**** EXTRACTED DATA

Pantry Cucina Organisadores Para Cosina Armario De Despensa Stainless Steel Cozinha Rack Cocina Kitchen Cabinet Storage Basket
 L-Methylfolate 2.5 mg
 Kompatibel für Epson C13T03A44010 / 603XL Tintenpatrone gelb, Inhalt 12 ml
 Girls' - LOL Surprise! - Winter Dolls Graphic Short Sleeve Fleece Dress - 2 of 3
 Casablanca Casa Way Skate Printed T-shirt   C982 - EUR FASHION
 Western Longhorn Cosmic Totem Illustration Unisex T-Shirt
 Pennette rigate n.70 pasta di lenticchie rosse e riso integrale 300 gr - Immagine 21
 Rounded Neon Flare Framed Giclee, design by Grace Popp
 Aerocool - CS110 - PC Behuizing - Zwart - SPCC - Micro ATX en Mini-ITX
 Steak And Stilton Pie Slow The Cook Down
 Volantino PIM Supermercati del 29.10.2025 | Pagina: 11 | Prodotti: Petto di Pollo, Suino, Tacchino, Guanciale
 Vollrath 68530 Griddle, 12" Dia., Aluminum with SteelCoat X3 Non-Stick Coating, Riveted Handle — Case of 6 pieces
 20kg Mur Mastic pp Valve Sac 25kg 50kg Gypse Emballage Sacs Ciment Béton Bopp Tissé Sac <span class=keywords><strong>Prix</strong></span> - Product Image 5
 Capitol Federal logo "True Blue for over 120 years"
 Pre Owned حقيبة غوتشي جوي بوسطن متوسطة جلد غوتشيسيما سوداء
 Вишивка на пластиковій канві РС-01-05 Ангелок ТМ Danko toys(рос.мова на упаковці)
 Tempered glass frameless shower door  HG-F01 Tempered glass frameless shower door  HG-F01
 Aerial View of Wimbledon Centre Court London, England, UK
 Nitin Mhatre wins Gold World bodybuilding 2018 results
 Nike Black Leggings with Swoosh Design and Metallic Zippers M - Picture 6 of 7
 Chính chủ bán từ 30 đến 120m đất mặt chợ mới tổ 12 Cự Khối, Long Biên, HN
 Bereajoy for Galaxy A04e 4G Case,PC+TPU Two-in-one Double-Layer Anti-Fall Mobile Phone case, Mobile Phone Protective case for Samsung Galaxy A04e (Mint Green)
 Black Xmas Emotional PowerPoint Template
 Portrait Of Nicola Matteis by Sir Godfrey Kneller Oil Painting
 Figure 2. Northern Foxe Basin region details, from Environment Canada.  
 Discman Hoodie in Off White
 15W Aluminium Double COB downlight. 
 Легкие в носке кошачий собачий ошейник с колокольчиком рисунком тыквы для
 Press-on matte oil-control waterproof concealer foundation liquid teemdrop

********

TASK STATEMENT>
Please repeat the lines above exactly, beginning with the line that contains "Nitin Mhatre wins" and ending with the final one.

SOLUTION TO THIS TASK>
 Nitin Mhatre wins Gold World bodybuilding 2018 results
 Nike Black Leggings with Swoosh Design and Metallic Zippers M - Picture 6 of 7
 Chính chủ bán từ 30 đến 120m đất mặt chợ mới tổ 12 Cự Khối, Long Biên, HN
 Bereajoy for Galaxy A04e 4G Case,PC+TPU Two-in-one Double-Layer Anti-Fall Mobile Phone case, Mobile Phone Protective case for Samsung Galaxy A04e (Mint Green)
 Black Xmas Emotional PowerPoint Template
 Portrait Of Nicola Matteis by Sir Godfrey Kneller Oil Painting
 Figure 2. Northern Foxe Basin region details, from Environment Canada.  
 Discman Hoodie in Off White
 15W Aluminium Double COB downlight. 
 Легкие в носке кошачий собачий ошейник с колокольчиком рисунком тыквы для
 Press-on matte oil-control waterproof concealer foundation liquid teemdrop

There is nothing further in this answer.